Levistor, the UK company that is developing a low cost and durable energy storage technology that will facilitate the roll-out of ultra-rapid EV charging infrastructure, has expanded its engineering team with six new appointments, including Rob Fallon who has been appointed Engineering Manager.

Rob Fallon has joined Levistor from Bowman Power Group where he held a range of senior design and engineering roles, in particular in the area of high-speed engineering systems.  Before Bowman, Rob worked at Rolls-Royce.

Levistor, based in Raynes Park (south-west London), has also appointed Amir Javid, an electrical engineer with ten years of experience of high-speed machinery, and Ben Scholes who has worked for a number of years on the design and development of advanced electric motors. Ben has a Masters in Mechanical Engineering from Newcastle University.  In addition, Levistor has recruited three engineering graduates, Noah Robinson (from Imperial College, London), James Baker (from Imperial College) and Nikitha Rajendran from Edinburgh University.

Matt Journee, Chief Executive of Levistor said: “The arrival of Rob and his colleagues will enable us to push forward with the manufacture and commercial application of our technology. Rob, in particular, is highly experienced in the design and manufacture of high-speed rotating machinery and has a wealth of experience in building multi-disciplinary engineering teams.  He will be a key player for Levistor as we move from R&D to manufacture over the next 12-18 months.”

Levsitor’s flywheel energy storage system, originally developed by City, University of London and which has received grant support from Innovate UK, Energy Systems Catapult and Highways England, provides a high-power boost just at the point-of-use when the local grid cannot provide the level of power required.

Its patented technology will give EV drivers 100 miles of charge in just 5 minutes, making EV charging as quick and as easy as filling-up. The technology allows ultra-rapid charging to be installed in areas where the grid is too expensive or impractical to upgrade and is 50% cheaper than the Li-ion battery alternative.  Levistor installations will reduce the risk of having EV deserts in the UK, help build consumer trust in using EVs to make longer journeys and thereby accelerate the switch to EVs.

Matt Journee added: “Our advanced technology puts an end to range anxiety among EV drivers and so will encourage more motorists to buy EVs earlier than being currently forecast.”

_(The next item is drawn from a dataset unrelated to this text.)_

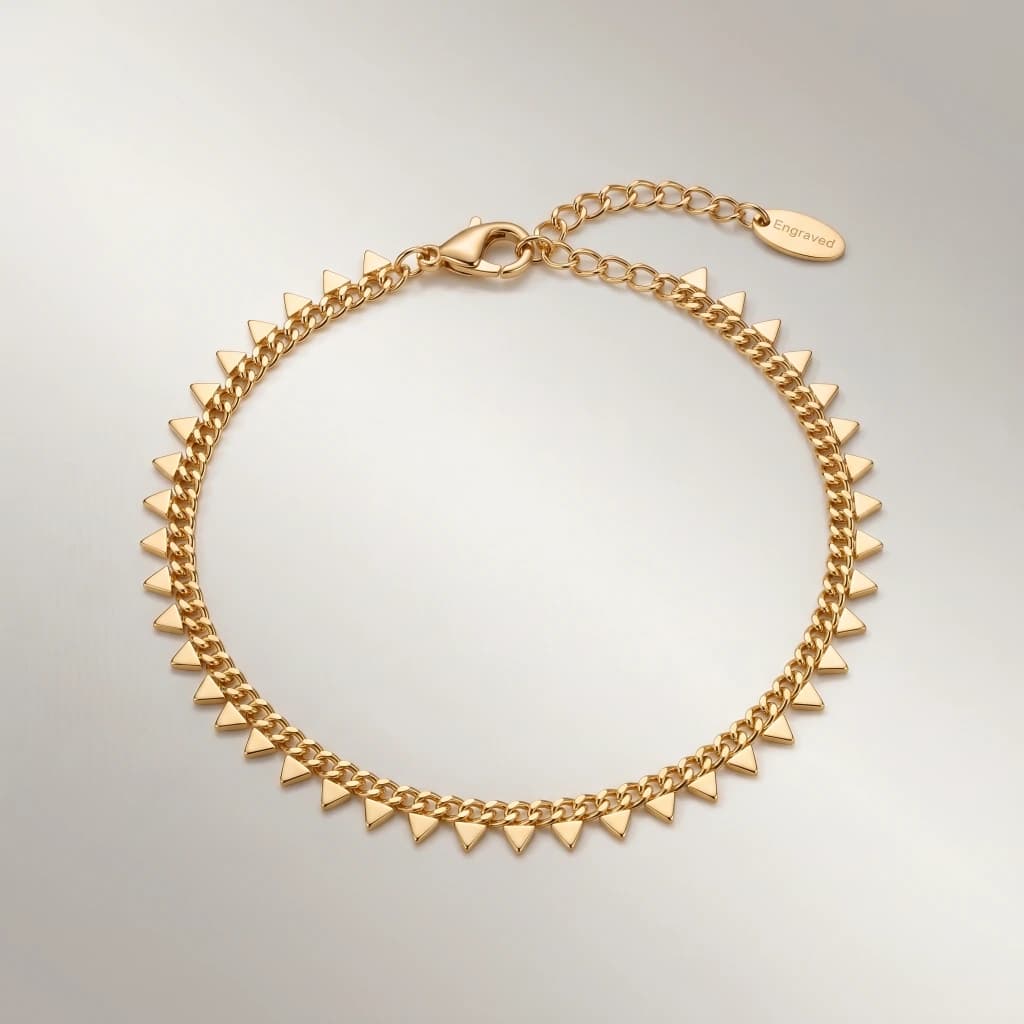 QDORA Gold Triangle Charm Chain Anklet image 2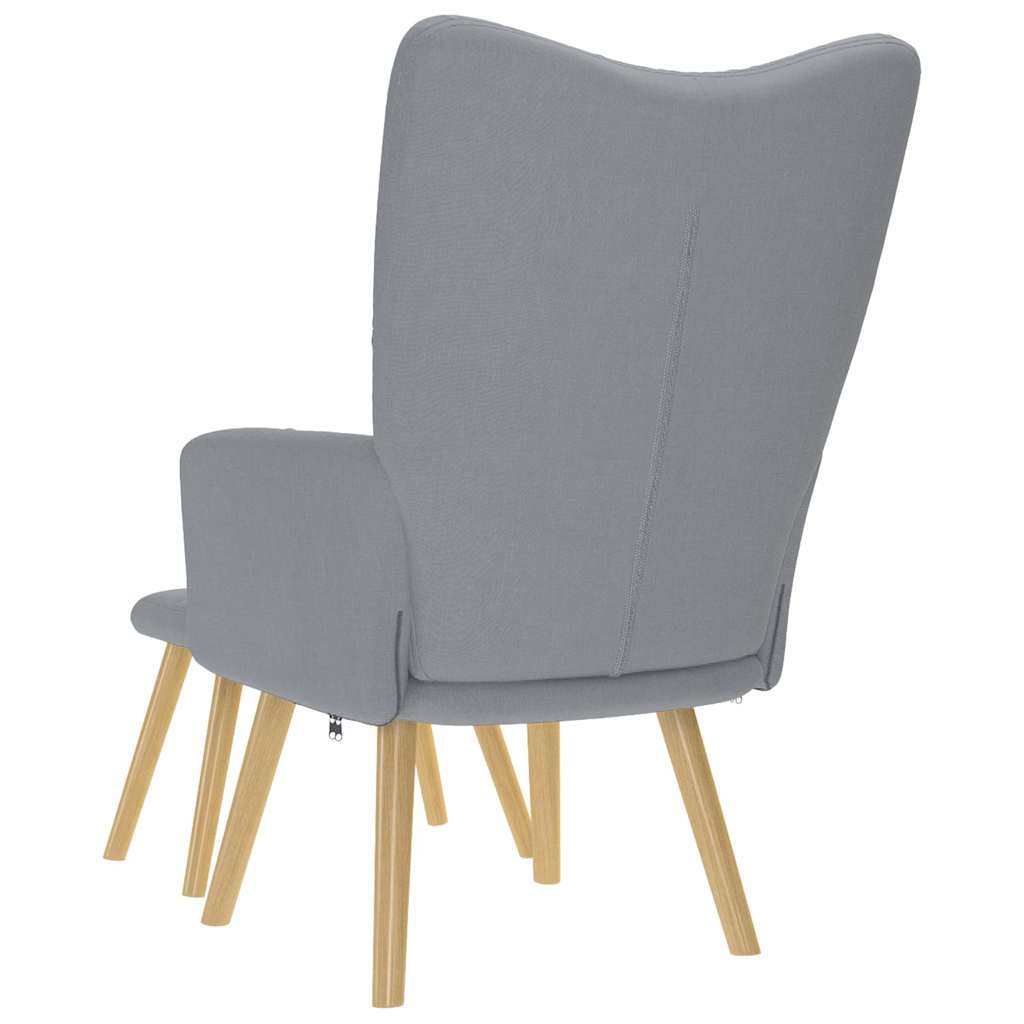 Relaxation Armchair with Footstool Light Grey Fabric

As well EV charging, Levistor is also exploring other areas where its flywheel storage technology can be used including managing peak-power demands for engineering and manufacturing applications.  These areas of industry require fast, high-power energy storage and discharge that must cycle again and again, without degrading.

For further information

Levistor –

Matt Journee, Chief Executive: 07493 395223 /

Tom Andrews, Chief Commercial Officer: 07740 195562 /

Paul Taylor, Taylor Keogh Communications: 07966 782611 /

Notes to Editors

  1. How does our flywheel storage technology work: our system stores up energy from the grid when there are no vehicles on the forecourt or at the depot. It will supply that stored energy at high speed to electric vehicles upon arrival. The kinetic energy system (a “mechanical battery”) stores energy in a rotating shaft; electrical energy is added through an electric motor (speeding up the shaft) and taken out through a generator (slowing down the shaft).
  2. Levistor’s technology stores up energy from the grid at times of low demand and this energy is released at high speed to EVs when drivers arrive at the chargepoint and are needing a super-fast charge.  Levistor’s technology will give an EV driver 100 miles range with just a 5 minute charge.
  3. The Levistor flywheel can be easily connected to the local grid and can be quickly deployed above or below ground singularly or in multiples. This makes them ideal for service stations, tourist destinations, bus/rail termini, fleet depots and distribution centres (for example supermarket deliveries and general retail).
  4. According to Capital Economics, it will cost up to £45bn to upgrade the UK’s grid to meet the demand of EVs, whilst the cost of grid connections can be particularly expensive in remote locations.  As ultra-rapid charge-points use significant power, they could result in the need to upgrade a sub-station – this could cost over £500k.  Also, the time taken to upgrade power connections can be extremely long; upgrading to a 1MW connection can take up to a year and in some cases even longer (if a cable needs to cross Forestry Commission land or Network Rail land, the planning process can take another year).
  5. The CMA report (EV Charging Market Study, July 2021) said (para 4.16) that significant investment is needed to improve the quality and reliability of charge points to meet likely EV charging demand at MSAs.  To do so, investment is needed both in the charge-points themselves but also more significantly, in the electricity network infrastructure to provide increased electricity supply. Estimates indicate that the equivalent of 2300 ultra-rapid charge points are needed at English MSAs by 2030 (there are around 500 rapid and ultra-rapid changepoints at MSAs in the whole of the UK today).
  6. Levistor Ltd is a private company to commercialise its kinetic energy storage technology for grid power boosting. It is the only known, fail-safe flywheel with a simple, low-cost steel construction that can spin faster for greater energy storage.